The 2016 North Dakota gubernatorial election was held on November 8, 2016, to elect the Governor and Lieutenant Governor of North Dakota, concurrently with the 2016 U.S. presidential election, as well as elections to the United States Senate, elections to the United States House of Representatives and various state and local elections. This would have been the first time North Dakotans selected a Governor under new voter ID requirements, in which a student ID was insufficient identification to vote, but a court ruling in August 2016 struck the down the provision; the election was held under the 2013 rules.

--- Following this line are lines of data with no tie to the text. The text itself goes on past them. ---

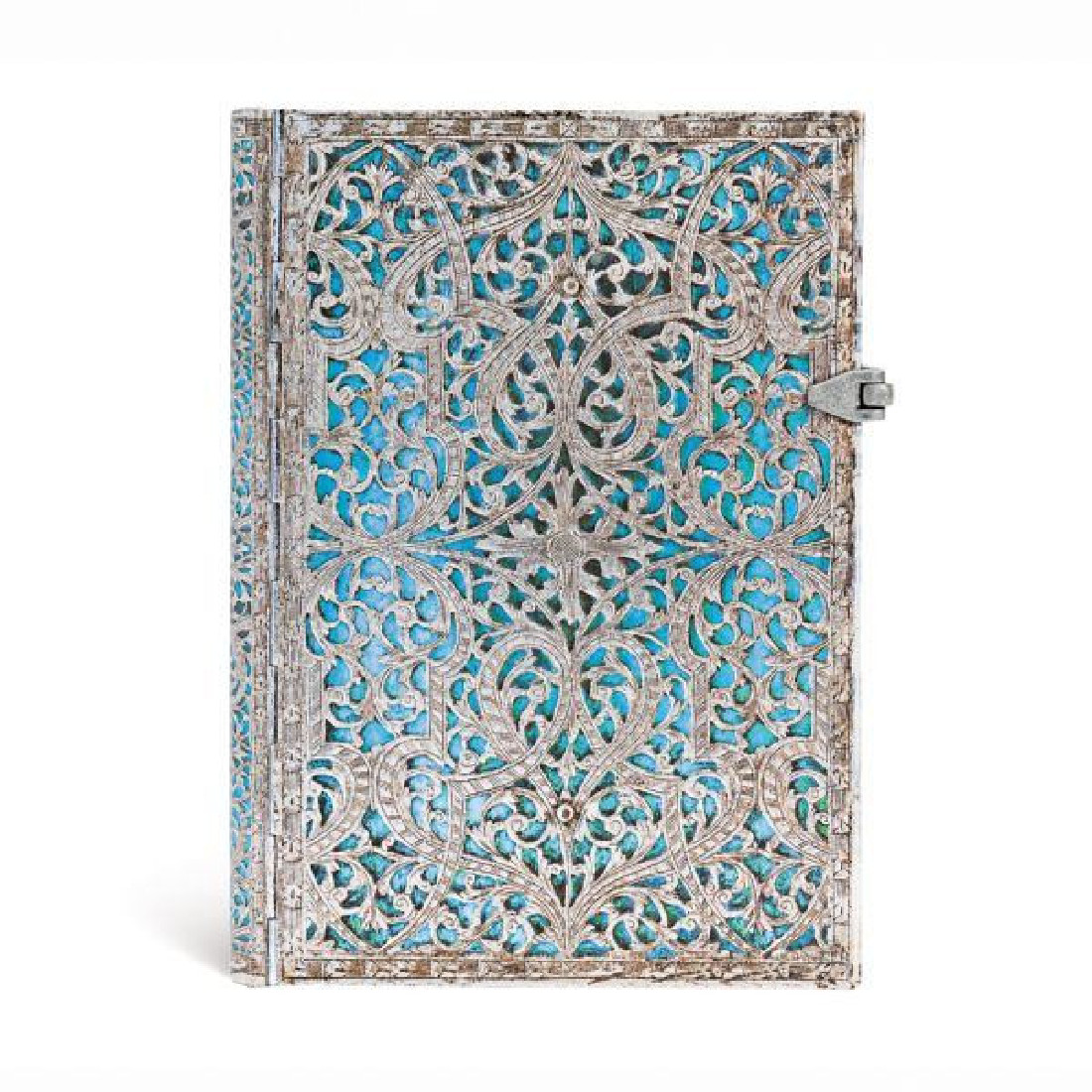 Paperblanks Notebook Silver Maya Midi Lined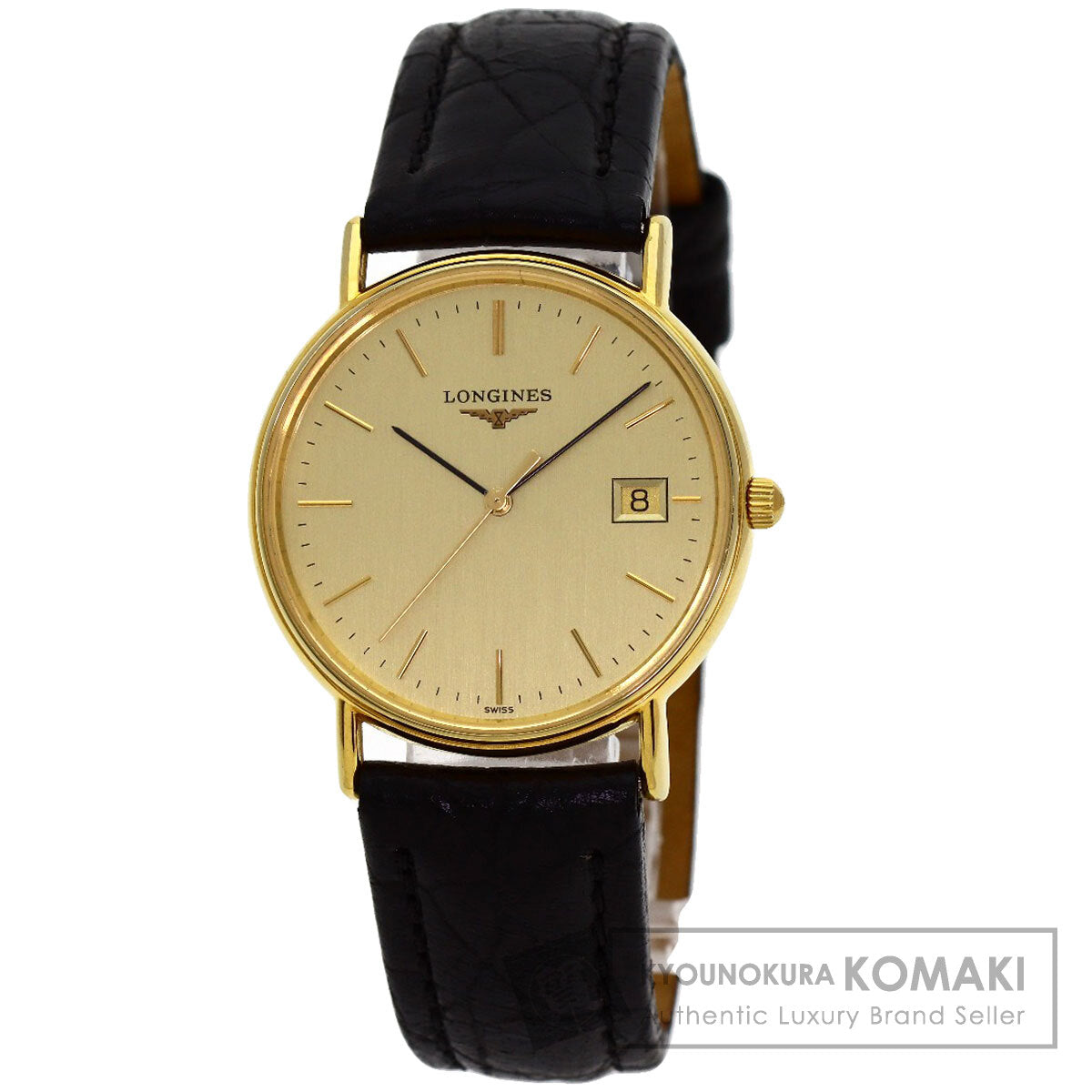 LONGINES Grand classic Watches L4.720.2 Gold Plated/Leather mens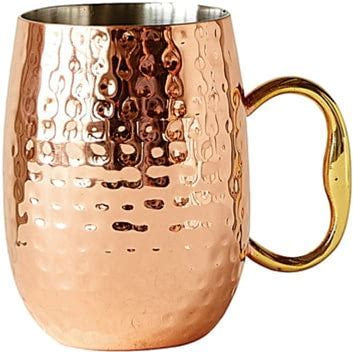 Creative Co-Op Stainless Steel Moscow Mule Mug with Handle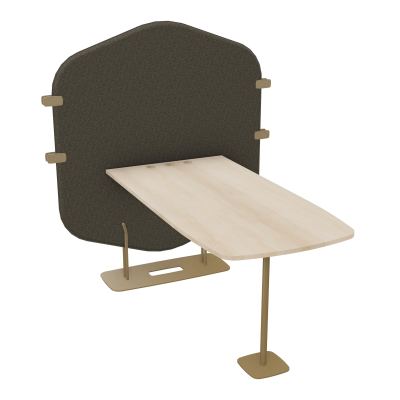 MARGOT ESPACE 4 PERS. L122,7XH144,8XP156CM - CLOISON B7 - PIET. Z3 - PLAT. EP19MM RZ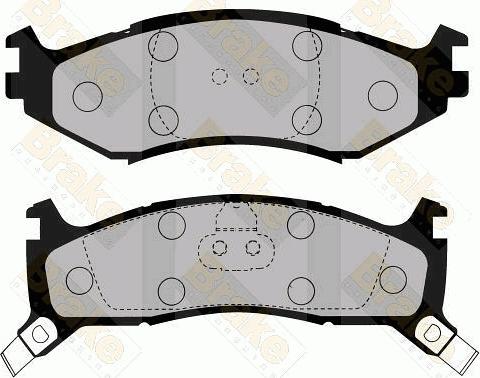 Brake Engineering PA1625 - Тормозные колодки, дисковые, комплект autospares.lv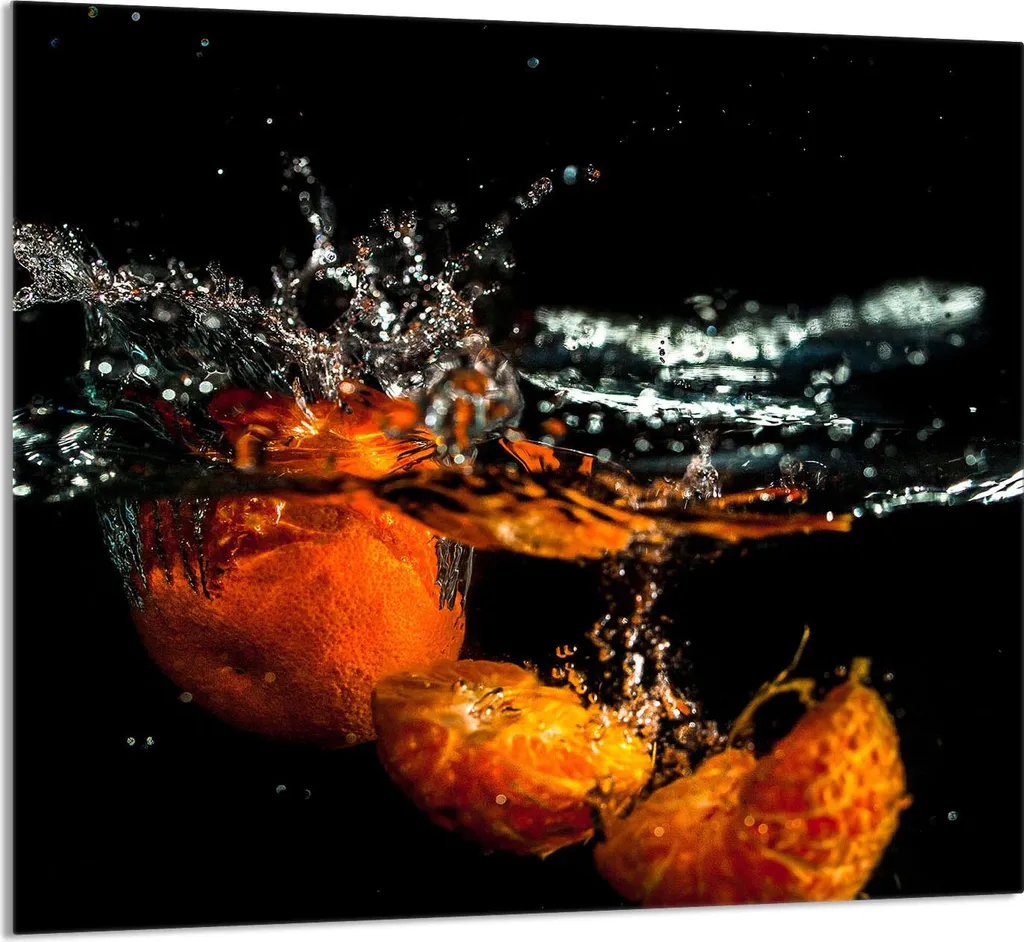Lastra Protezione Cucina 65x60 in Vetro Temperato ESG - Serie Frutta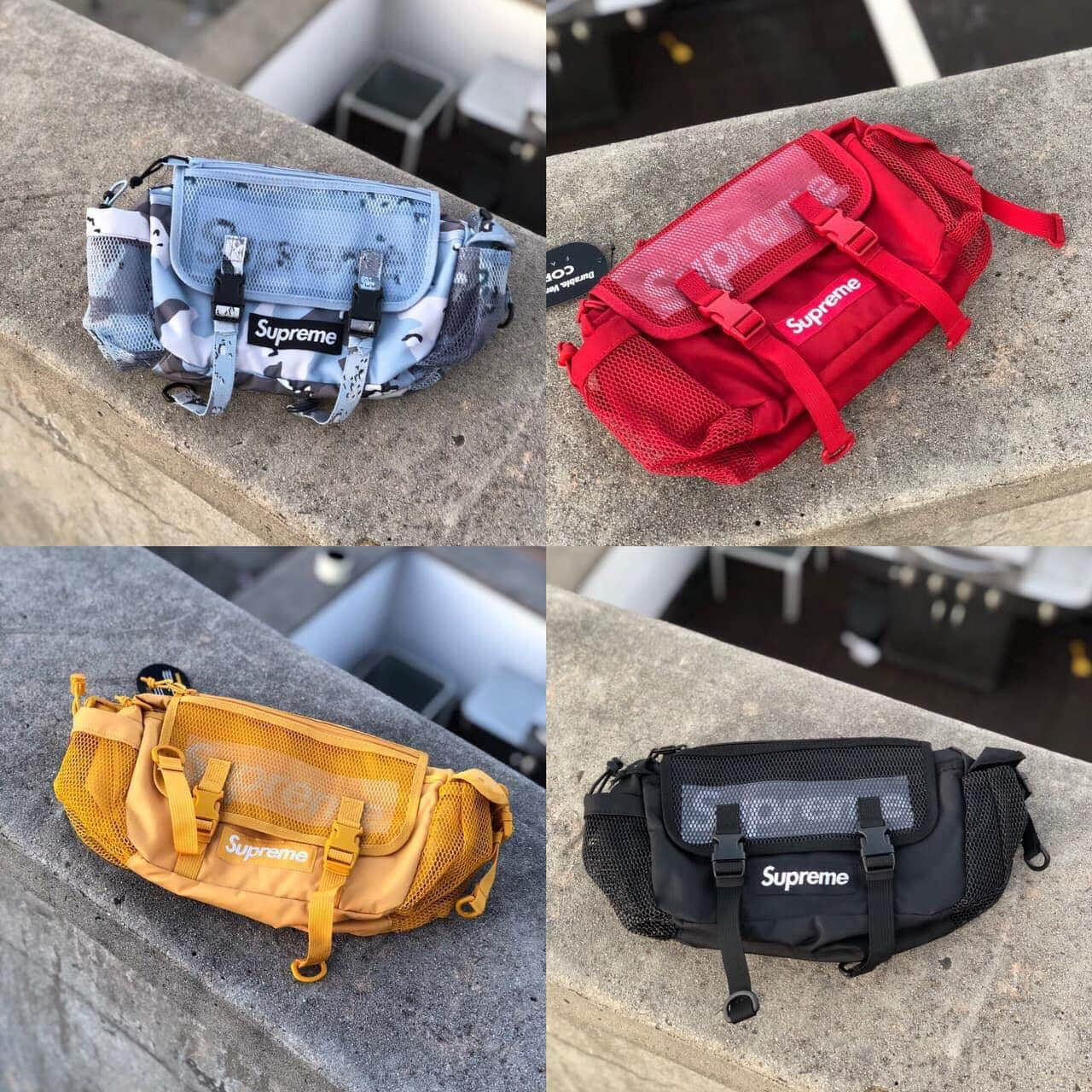 supreme yellow waist bag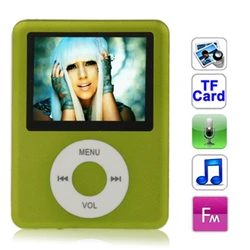 1.8 inch TFT Screen MP4 Player with TF Card Slot, Support Recorder, FM Radio, E-Book and Calendar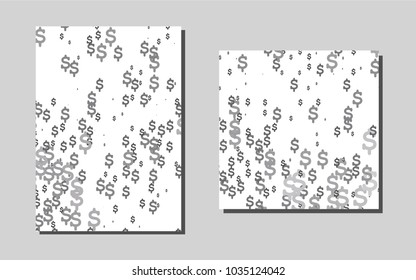 Light Silver, Grayvector background for presentations. Glitter abstract design concept with text box. The pattern can be used for any ad, booklets.
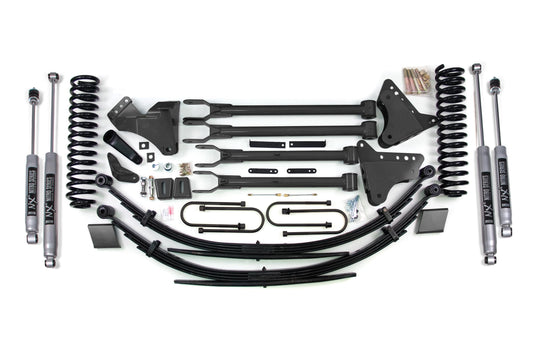 6 Inch Lift Kit w/ 4-Link Ford F250/F350 Super Duty 08-10 4WD Diesel Block Without Factory Overload BDS Suspension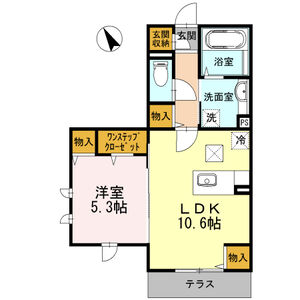 1LDK 間取り図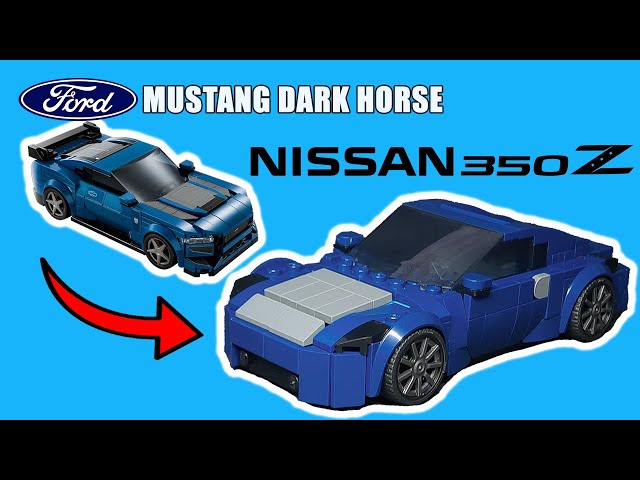 76920 Nissan 350Z - Lego Speed Champions Alternative MOC Tutorial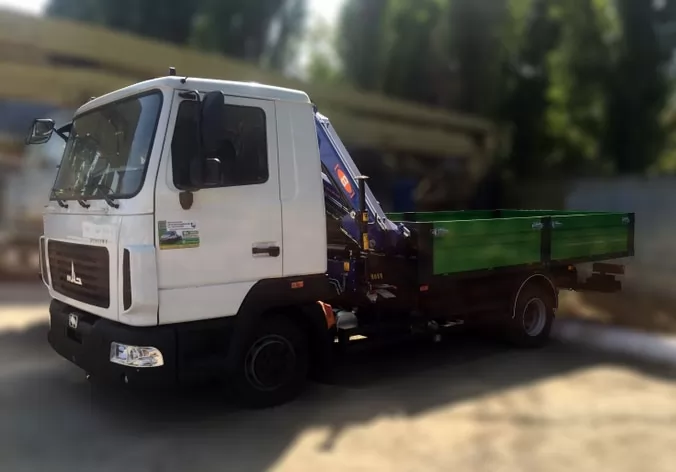 Бортовий МАЗ із краном-маніпулятором PM – тепер частина основних засобів Укренерго на Одещині, фото 3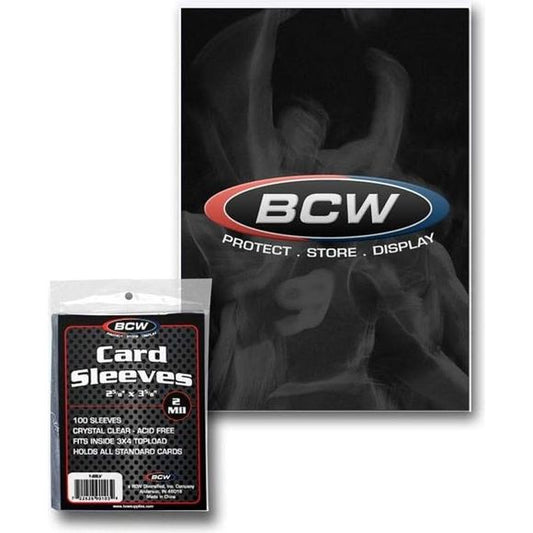 BCW Standard Card Sleeves, 100 pack | Galactic Toys & Collectibles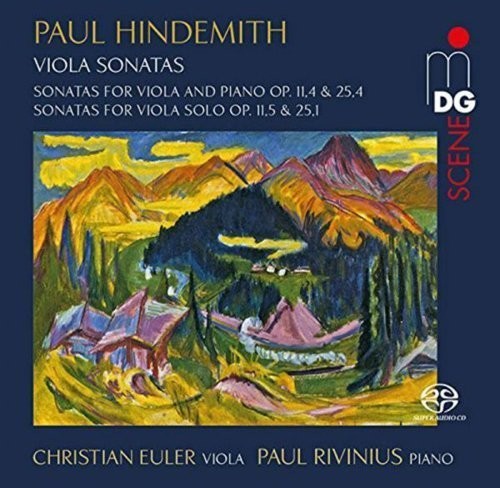 Christian Euler / Rivinius,Paul - Hindemith: Sonatas For Viola And Piano [CD]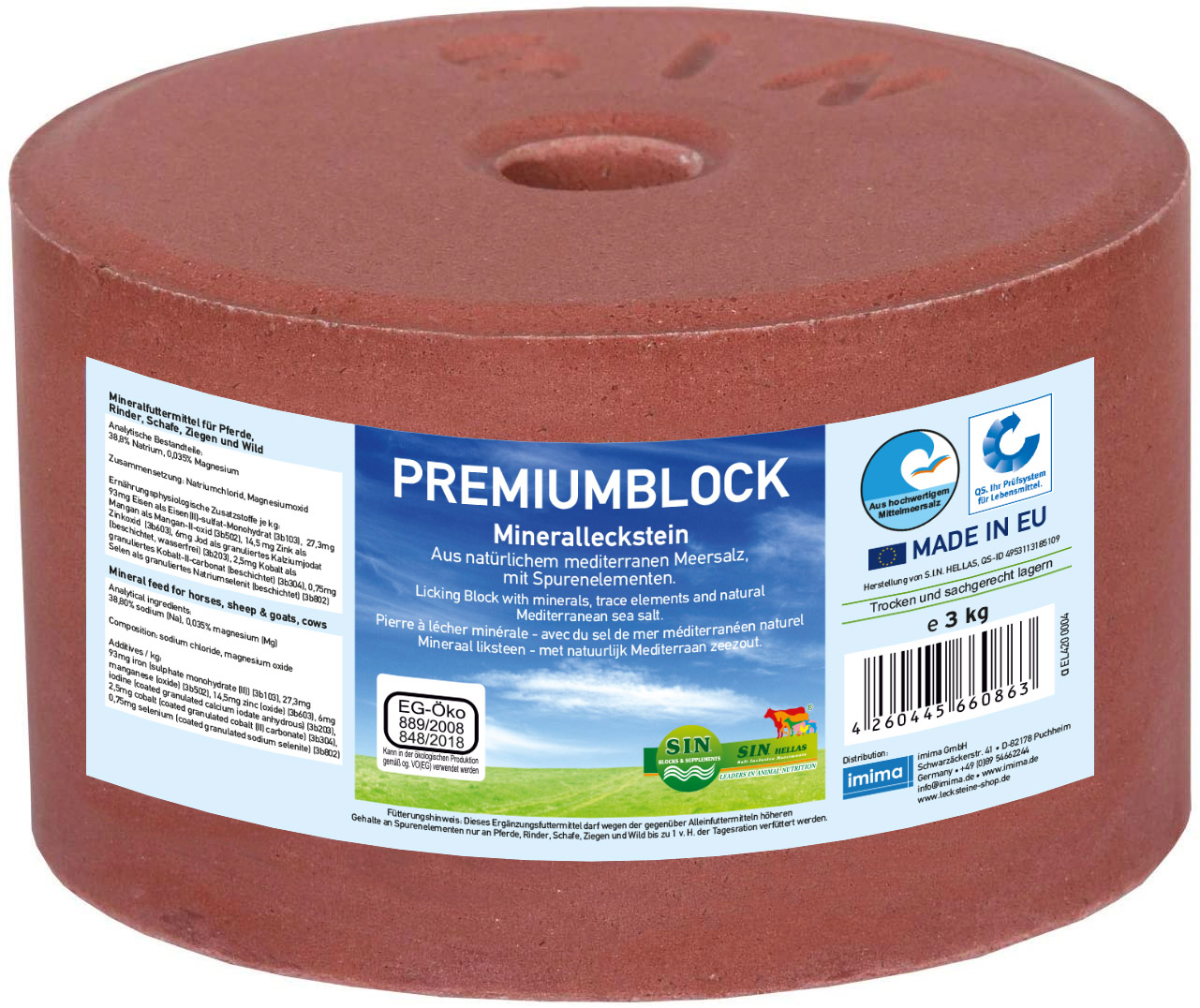 PREMIUMBLOCK Mineralleckstein, 3kg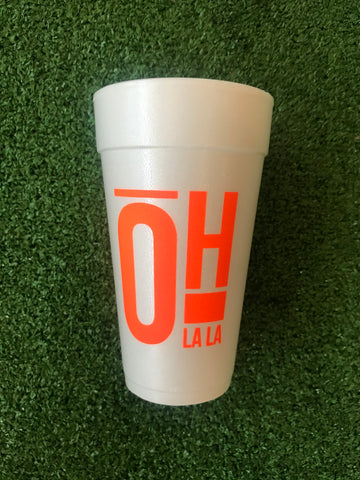 Let's Go Brandon - 16 oz. Styrofoam Cups - Pink Machine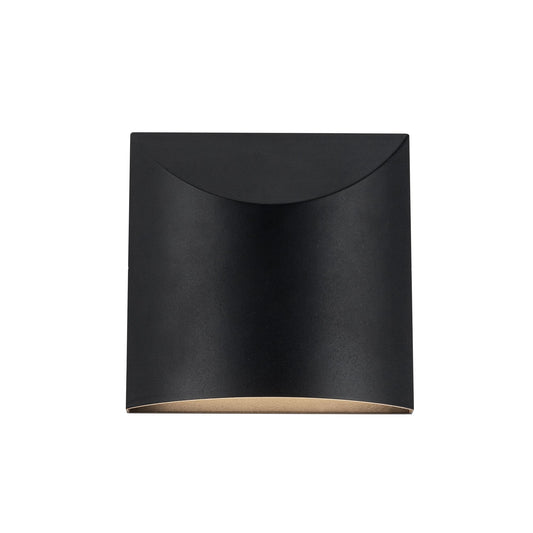 Lenox LED Exterior Wall Sconce in Black Finish | Kuzco Lighting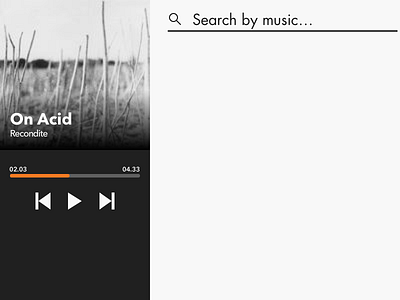 Side bar for side project! music player secret sidebar ui ux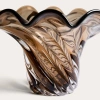 Hnědá skleněná váza Kave Home Lurea 26 cm -fv-interier-25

The primaries took place on June 14. This is the first open seat election since 2000. Incumbent Republican Jack Dalrymple announced that he would not run for re-election to a second full term in office. Doug Burgum (R) defeated Marvin Nelson (DNPL) in the general election to become the new Governor of North Dakota.

Background
In December 2010, Republican Governor John Hoeven resigned after being elected to the U.S. Senate. Jack Dalrymple, the Lieutenant Governor, was sworn in as Governor and was elected to a full term in 2012. In August 2015, Dalrymple announced that he would not run for re-election to a second full term in office.

Republican primary
The North Dakota Republican Party endorsed North Dakota Attorney General Wayne Stenehjem at their April 2-3 state convention, however ballot access was actually determined by the June 14th primary election, which former Microsoft executive Doug Burgum won.

Candidates

Endorsed
 Wayne Stenehjem, North Dakota Attorney General
Running mate: Nicole Poolman, State Senator and wife of Jim Poolman

Other candidates
 Doug Burgum, former Senior Vice President of Microsoft and former Chairman & CEO of Great Plains Software
 Running mate: Brent Sanford, Watford City Mayor
 Paul Sorum, architect
 Running mate: Michael Coachman, human resources executive

Withdrawn
 Rick Becker, state representative

Declined
 Tom Campbell, state senator
 Kevin Cramer, U.S. Representative
 Jack Dalrymple, incumbent Governor
 Ed Schafer, former Governor and former United States Secretary of Agriculture
 Kelly Schmidt, North Dakota State Treasurer (running for re-election)
 Drew Wrigley, Lieutenant Governor

Polling

Republican State Convention
To endorse a candidate, delegates to the Republican state convention voted for one candidate in a series of rounds. After the first round, all candidates would remain on the ballot, but after subsequent rounds of voting, the recipient of the lowest number of votes would be removed. The first candidate to receive more than half the cast vote would receive the state party endorsement.

After no candidate received the majority in the first round, a second round of voting was completed, in which enough delegates voted for Attorney General Wayne Stenehjem to give him the endorsement without having to remove a candidate from the ballot or vote again.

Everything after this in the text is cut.